3. Superior returns can be earned by buying under valued securities (securities whose intrinsic value exceeds the market price) and selling over valued securities (securities whose intrinsic value is less than the market price).
The psychological approach is based on the premise that stock prices are guided by emotion rather than reason. Stock prices are believed to be influenced by the psychological mood of investors. When greed and euphoria sweep the market, prices rise to dizzy heights. On the other hand, when fear and despair envelop the market prices fall to abysmally low levels.
A conventional valuation which is established as the outcome of the mass psychology of a large number of ignorant individuals is liable to change violently as the result of a sudden fluctuation of opinion due to factors which do not really make much difference to the prospective yield.
Since psychic values appear to be more important than intrinsic values, the psychological approach suggest that it is more profitable to analyze how investors tend to behave as the market is swept by waves of optimism and pessimism which seem to alternate.
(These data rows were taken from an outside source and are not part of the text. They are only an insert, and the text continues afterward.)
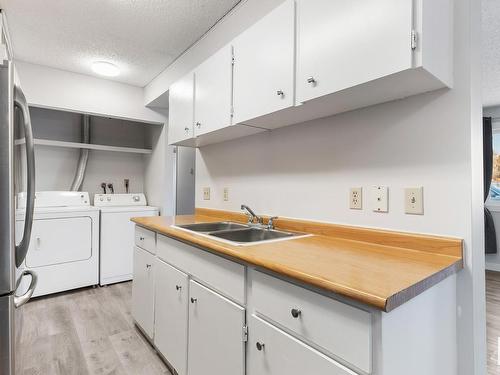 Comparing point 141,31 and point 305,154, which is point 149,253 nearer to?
point 305,154

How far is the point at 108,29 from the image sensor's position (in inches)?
93.4

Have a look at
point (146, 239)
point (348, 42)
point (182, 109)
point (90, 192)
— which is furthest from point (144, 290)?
point (90, 192)

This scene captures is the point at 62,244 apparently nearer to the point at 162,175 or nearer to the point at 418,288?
Answer: the point at 162,175

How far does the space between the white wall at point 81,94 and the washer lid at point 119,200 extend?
100 cm

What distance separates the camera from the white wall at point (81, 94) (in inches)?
116

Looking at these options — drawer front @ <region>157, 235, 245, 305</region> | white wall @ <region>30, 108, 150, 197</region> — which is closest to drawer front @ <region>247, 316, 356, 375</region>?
drawer front @ <region>157, 235, 245, 305</region>

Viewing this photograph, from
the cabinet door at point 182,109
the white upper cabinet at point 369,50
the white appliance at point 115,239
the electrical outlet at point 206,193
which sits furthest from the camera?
the white appliance at point 115,239

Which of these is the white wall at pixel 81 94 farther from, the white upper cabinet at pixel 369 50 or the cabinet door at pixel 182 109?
the white upper cabinet at pixel 369 50

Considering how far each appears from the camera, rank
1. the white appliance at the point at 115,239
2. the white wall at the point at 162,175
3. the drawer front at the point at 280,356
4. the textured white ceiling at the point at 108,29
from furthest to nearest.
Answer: the white wall at the point at 162,175, the white appliance at the point at 115,239, the textured white ceiling at the point at 108,29, the drawer front at the point at 280,356

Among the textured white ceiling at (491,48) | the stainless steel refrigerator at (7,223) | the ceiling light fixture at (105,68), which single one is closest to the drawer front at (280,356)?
the stainless steel refrigerator at (7,223)

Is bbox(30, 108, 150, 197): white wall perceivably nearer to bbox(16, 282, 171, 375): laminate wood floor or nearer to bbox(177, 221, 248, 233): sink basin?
bbox(16, 282, 171, 375): laminate wood floor

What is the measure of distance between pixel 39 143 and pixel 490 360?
177 inches

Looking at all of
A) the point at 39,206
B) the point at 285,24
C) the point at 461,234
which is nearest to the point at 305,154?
the point at 285,24

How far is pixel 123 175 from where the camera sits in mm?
4062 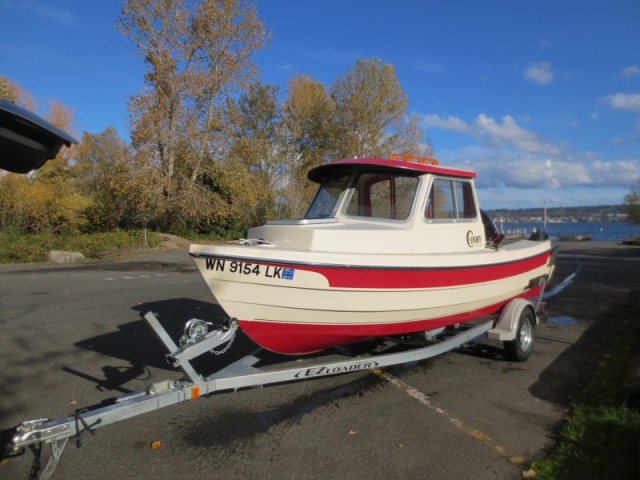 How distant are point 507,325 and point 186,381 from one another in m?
4.00

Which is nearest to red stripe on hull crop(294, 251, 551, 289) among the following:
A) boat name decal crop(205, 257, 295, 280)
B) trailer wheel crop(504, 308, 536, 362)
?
boat name decal crop(205, 257, 295, 280)

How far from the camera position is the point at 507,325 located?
5918 mm

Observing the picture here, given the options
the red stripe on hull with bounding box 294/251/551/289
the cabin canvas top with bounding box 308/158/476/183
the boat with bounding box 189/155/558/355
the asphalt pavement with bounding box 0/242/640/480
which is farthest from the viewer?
the cabin canvas top with bounding box 308/158/476/183

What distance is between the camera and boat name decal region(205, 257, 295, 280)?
4.17 metres

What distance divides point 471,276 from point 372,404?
6.47 feet

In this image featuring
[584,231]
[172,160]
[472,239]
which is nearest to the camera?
[472,239]

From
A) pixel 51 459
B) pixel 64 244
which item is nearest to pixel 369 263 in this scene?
pixel 51 459

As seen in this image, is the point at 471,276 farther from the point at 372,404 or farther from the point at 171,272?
the point at 171,272

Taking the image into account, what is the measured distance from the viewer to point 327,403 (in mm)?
4738

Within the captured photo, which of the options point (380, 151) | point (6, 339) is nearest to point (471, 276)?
point (6, 339)

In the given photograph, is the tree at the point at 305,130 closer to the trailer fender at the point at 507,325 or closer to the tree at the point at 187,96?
the tree at the point at 187,96

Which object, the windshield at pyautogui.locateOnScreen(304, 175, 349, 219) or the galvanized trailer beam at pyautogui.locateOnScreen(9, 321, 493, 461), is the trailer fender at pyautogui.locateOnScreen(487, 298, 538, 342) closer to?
the galvanized trailer beam at pyautogui.locateOnScreen(9, 321, 493, 461)

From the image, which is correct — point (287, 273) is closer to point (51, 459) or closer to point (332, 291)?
point (332, 291)

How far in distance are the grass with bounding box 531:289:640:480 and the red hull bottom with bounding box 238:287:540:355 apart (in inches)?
69.6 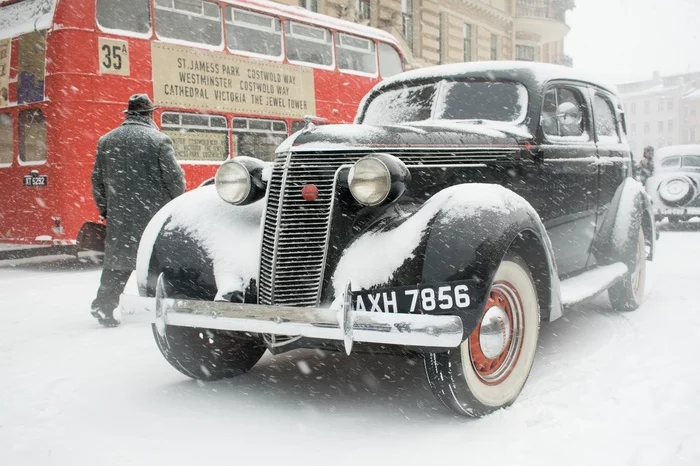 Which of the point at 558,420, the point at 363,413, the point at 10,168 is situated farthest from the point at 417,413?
the point at 10,168

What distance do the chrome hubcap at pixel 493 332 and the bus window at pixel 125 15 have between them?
22.6 feet

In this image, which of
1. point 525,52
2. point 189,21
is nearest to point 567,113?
point 189,21

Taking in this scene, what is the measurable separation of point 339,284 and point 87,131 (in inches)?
252

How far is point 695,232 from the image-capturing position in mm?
13125

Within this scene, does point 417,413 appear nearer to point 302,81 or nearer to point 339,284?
point 339,284

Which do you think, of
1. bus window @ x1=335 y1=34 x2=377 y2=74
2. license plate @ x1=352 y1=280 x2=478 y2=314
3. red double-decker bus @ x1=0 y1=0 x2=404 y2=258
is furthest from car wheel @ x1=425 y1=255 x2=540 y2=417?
bus window @ x1=335 y1=34 x2=377 y2=74

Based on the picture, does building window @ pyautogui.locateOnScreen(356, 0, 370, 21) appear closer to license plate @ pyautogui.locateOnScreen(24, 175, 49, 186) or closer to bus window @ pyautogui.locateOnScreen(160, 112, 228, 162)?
bus window @ pyautogui.locateOnScreen(160, 112, 228, 162)

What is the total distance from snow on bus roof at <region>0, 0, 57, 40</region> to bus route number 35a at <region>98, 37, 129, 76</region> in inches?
26.2

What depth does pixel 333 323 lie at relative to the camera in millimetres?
3027

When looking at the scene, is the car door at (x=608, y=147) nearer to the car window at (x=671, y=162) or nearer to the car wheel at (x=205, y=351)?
the car wheel at (x=205, y=351)

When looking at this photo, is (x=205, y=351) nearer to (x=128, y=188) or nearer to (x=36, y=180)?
(x=128, y=188)

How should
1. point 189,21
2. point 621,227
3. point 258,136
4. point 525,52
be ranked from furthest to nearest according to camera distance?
point 525,52 < point 258,136 < point 189,21 < point 621,227

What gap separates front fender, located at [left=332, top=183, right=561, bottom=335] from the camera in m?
3.11

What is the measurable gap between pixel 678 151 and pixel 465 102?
441 inches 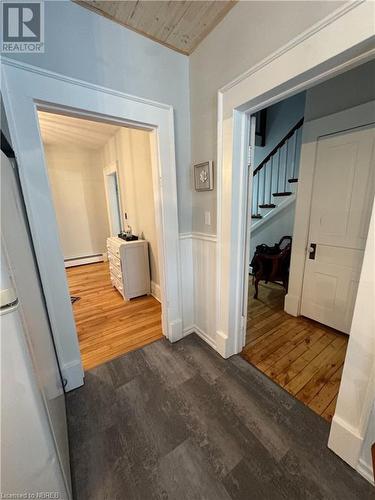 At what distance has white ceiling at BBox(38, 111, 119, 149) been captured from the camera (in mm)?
2880

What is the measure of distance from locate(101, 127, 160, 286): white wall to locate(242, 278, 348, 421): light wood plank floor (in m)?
1.55

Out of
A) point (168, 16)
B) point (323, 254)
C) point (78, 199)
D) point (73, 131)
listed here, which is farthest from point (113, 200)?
point (323, 254)

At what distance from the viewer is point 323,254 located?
2.10 metres

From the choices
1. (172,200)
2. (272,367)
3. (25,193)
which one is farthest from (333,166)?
(25,193)

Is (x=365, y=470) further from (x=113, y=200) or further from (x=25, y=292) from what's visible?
(x=113, y=200)

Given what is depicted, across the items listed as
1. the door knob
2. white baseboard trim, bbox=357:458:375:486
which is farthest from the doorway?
white baseboard trim, bbox=357:458:375:486

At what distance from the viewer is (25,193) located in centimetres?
123

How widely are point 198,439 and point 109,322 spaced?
163cm

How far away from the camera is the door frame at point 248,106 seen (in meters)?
0.84

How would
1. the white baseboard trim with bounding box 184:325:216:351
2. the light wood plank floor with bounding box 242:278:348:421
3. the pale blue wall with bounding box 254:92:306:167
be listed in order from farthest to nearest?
the pale blue wall with bounding box 254:92:306:167 < the white baseboard trim with bounding box 184:325:216:351 < the light wood plank floor with bounding box 242:278:348:421

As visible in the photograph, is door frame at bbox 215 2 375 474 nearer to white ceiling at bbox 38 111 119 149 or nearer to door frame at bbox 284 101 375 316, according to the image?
door frame at bbox 284 101 375 316

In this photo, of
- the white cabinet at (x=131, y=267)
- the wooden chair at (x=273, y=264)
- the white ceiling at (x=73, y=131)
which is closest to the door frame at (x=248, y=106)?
the wooden chair at (x=273, y=264)

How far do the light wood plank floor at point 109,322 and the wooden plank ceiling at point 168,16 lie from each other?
8.50ft

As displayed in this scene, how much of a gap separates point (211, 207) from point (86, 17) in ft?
4.71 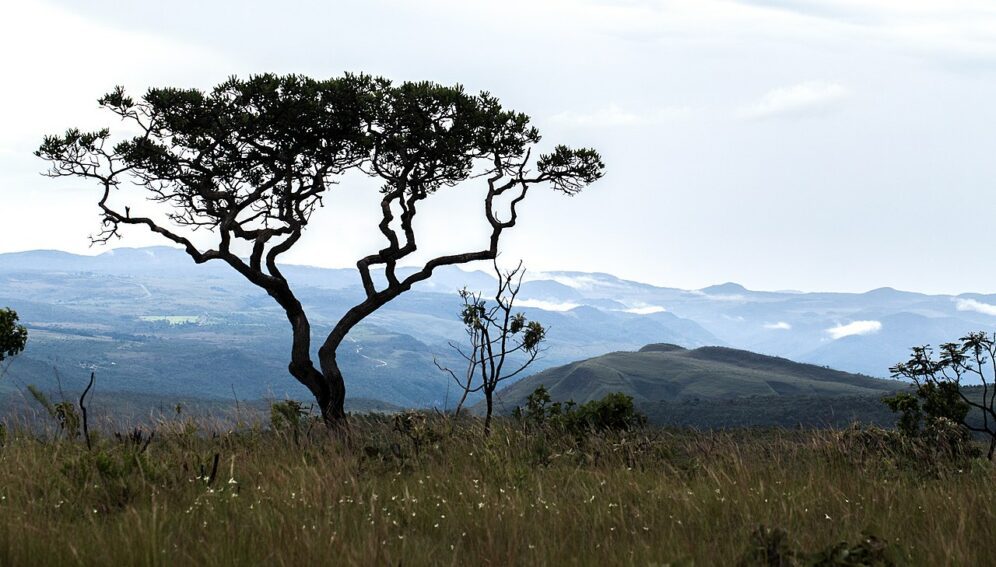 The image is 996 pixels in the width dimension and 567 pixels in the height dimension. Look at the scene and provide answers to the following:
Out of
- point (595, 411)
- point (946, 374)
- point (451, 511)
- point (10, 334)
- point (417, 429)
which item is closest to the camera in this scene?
point (451, 511)

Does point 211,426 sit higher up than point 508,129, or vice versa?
point 508,129

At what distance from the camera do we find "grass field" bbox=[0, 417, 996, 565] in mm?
5016

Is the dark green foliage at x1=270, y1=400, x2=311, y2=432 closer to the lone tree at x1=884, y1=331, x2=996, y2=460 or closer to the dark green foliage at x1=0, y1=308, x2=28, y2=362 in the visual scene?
the lone tree at x1=884, y1=331, x2=996, y2=460

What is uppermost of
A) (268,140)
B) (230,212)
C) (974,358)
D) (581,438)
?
(268,140)

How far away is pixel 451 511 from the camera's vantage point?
6250mm

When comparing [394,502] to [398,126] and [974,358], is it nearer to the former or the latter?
[974,358]

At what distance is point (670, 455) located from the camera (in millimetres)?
Result: 10664

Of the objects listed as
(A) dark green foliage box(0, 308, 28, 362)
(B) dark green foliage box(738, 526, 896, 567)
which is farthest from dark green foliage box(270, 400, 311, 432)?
(A) dark green foliage box(0, 308, 28, 362)

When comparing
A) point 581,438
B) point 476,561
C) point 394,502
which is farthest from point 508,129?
point 476,561

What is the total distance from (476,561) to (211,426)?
7172 mm

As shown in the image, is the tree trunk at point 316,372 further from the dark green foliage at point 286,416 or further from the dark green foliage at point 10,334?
the dark green foliage at point 10,334

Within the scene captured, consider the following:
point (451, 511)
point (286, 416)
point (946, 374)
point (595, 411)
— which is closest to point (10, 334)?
point (595, 411)

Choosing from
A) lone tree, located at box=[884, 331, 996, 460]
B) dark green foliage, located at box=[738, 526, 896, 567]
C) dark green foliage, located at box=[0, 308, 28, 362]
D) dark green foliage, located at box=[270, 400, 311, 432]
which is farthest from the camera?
dark green foliage, located at box=[0, 308, 28, 362]

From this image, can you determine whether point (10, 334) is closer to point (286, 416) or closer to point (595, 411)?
Result: point (595, 411) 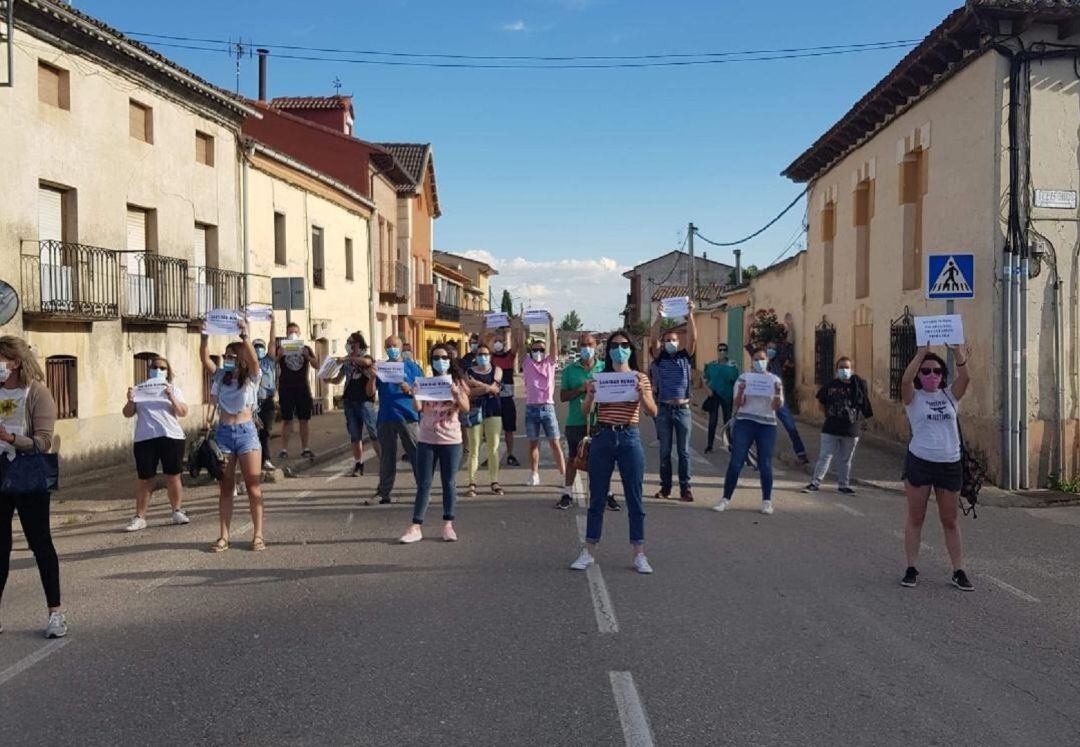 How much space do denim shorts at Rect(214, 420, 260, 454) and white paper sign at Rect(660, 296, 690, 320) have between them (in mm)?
4156

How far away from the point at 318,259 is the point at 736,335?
14.5 metres

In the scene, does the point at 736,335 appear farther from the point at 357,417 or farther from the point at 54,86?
the point at 54,86

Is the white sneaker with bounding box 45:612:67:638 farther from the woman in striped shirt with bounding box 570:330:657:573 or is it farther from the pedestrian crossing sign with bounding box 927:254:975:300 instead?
the pedestrian crossing sign with bounding box 927:254:975:300

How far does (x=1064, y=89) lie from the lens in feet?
38.9

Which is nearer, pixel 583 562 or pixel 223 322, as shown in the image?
pixel 583 562

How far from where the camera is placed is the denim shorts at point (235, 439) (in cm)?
773

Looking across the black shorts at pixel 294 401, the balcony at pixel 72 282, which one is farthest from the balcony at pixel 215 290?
the black shorts at pixel 294 401

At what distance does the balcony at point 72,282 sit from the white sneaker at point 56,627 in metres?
8.56

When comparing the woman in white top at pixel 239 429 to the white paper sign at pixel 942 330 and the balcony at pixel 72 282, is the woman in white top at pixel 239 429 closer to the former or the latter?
the white paper sign at pixel 942 330

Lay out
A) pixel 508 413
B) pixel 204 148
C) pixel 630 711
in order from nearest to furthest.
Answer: pixel 630 711, pixel 508 413, pixel 204 148

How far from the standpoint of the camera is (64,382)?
13.7 meters

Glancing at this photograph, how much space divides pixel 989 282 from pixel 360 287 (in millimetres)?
21757

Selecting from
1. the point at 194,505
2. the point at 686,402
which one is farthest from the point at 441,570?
the point at 194,505

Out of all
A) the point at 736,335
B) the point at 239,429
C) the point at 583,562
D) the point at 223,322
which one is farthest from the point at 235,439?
the point at 736,335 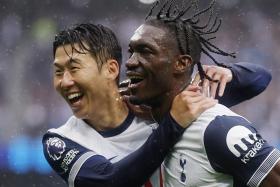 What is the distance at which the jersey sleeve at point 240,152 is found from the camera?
1.91 m

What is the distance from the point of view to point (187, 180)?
202cm

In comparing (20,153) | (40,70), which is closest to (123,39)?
(40,70)

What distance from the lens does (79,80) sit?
2555 mm

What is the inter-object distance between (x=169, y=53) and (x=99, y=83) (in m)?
0.56

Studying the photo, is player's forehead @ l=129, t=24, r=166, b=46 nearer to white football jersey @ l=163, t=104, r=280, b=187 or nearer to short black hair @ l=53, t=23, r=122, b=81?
white football jersey @ l=163, t=104, r=280, b=187

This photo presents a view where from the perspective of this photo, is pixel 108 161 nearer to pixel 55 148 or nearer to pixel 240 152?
pixel 55 148

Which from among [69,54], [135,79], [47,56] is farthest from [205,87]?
[47,56]

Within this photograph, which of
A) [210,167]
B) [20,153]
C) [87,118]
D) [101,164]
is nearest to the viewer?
[210,167]

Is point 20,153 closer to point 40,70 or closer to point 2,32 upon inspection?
point 40,70

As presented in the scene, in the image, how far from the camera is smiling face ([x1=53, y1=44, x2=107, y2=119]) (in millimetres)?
2553

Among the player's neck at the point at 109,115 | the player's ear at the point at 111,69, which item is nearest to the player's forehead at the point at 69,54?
the player's ear at the point at 111,69

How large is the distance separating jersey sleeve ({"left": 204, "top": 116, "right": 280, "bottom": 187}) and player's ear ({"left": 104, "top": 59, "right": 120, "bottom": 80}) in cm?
79

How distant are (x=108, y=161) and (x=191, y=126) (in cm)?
45

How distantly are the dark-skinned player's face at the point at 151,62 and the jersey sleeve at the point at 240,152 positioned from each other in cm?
27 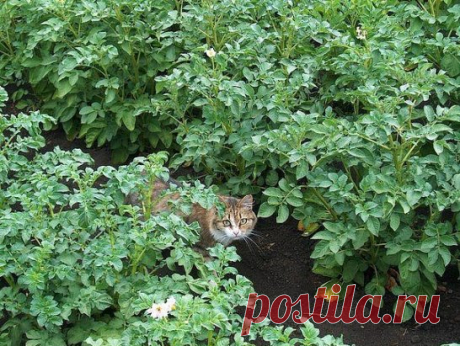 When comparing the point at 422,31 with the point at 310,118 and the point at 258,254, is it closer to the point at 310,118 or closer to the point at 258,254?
the point at 310,118

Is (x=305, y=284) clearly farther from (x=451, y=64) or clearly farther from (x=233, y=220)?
(x=451, y=64)

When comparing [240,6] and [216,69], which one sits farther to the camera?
[240,6]

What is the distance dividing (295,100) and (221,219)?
973mm

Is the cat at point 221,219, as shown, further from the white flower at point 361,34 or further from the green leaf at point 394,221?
the white flower at point 361,34

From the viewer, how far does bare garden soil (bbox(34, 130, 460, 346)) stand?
5062mm

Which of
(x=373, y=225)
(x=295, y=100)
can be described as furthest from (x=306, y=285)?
(x=295, y=100)

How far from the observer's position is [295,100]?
5613mm

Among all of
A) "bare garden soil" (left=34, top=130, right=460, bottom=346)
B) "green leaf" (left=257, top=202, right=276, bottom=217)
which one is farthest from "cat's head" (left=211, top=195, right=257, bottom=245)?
"bare garden soil" (left=34, top=130, right=460, bottom=346)

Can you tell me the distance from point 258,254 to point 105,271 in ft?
5.24

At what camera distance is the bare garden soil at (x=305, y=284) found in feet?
16.6

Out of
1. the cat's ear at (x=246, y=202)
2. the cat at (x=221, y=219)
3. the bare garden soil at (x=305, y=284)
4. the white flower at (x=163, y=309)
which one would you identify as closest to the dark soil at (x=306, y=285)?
the bare garden soil at (x=305, y=284)

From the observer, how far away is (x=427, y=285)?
5.05 m

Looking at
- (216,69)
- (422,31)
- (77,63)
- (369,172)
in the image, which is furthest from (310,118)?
(77,63)

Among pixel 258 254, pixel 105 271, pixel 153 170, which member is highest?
pixel 153 170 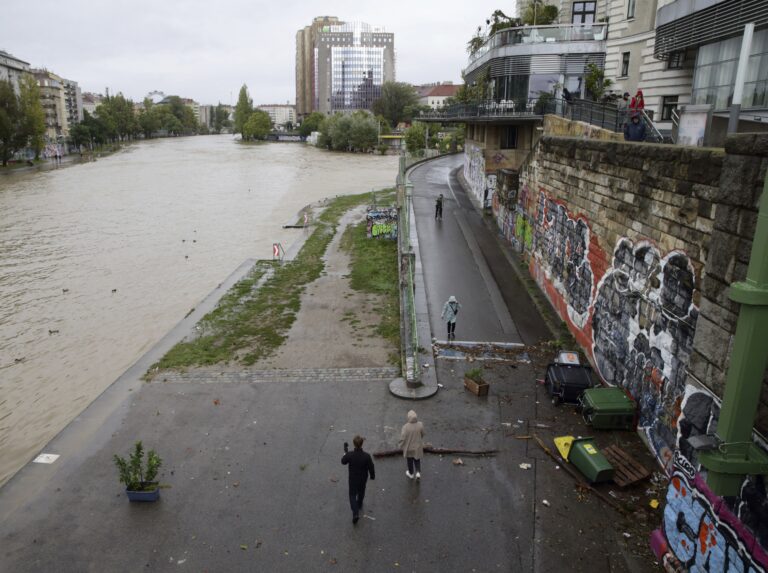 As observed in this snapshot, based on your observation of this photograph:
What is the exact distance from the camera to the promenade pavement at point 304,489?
26.9 ft

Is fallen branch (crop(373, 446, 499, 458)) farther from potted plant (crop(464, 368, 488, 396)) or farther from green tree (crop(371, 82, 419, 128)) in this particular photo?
green tree (crop(371, 82, 419, 128))

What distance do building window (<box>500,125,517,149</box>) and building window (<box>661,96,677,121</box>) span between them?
47.9 ft

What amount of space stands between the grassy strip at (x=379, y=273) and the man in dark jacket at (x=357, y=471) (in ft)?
24.8

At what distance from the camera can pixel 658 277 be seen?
1045 cm

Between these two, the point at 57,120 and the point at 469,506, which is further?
the point at 57,120

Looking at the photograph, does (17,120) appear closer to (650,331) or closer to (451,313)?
(451,313)

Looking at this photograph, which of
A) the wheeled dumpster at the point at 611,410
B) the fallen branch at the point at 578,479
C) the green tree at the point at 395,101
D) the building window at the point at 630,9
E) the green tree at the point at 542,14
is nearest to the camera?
the fallen branch at the point at 578,479

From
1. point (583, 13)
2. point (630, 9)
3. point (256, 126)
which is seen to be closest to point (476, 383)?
point (630, 9)

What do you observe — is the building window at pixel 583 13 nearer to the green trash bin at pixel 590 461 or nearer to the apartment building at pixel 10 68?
the green trash bin at pixel 590 461

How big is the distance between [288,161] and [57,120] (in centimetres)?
7171

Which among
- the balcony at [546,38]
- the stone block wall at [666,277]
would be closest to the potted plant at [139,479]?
the stone block wall at [666,277]

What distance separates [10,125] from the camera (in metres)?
76.1

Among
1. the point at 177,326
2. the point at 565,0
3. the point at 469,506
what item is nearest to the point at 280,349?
the point at 177,326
The psychological approach has been described vividly as the castles in the air theory by some economists.
Hose who subscribe to the psychological approach or the castles in the air theory generally use some form of technical analysis which is concerned with a study of internal market data, with a view to developing trading rules aimed at profit making. The basic premise of technical analysis is that there are certain persistent and recurring patterns of price movements which can be discerned by analyzing market data. Technical analysts use a variety of tools like bar chart, point and figure chart, moving average analysis breadth of market analysis etc.
Over the last five decades or so, the academic community has studied various aspects of the capital market particularly in the advanced countries, with the help of fairly sophisticated methods of investigation. While there are many unresolved issues and controversies stemming from studies pointing in different directions, there appears to be substantial support for the following tenets.
1. Stock markets are reasonably efficient in reacting quickly and rationally to the flow of information. Hence, stock prices reflect intrinsic value fairly well. Put differently,
Market price = Intrinsic value
2. Stock price behavior corresponds to a random walk. This means that successive price changes are independent. As a result, past price behavior cannot be used to predict future price behavior.
3. In the capital market, there is a positive relationship between risk and return. More specifically the expected return from a security is linearly related to its systematic risk (also referred to as its market risk on non-diversifiable risk).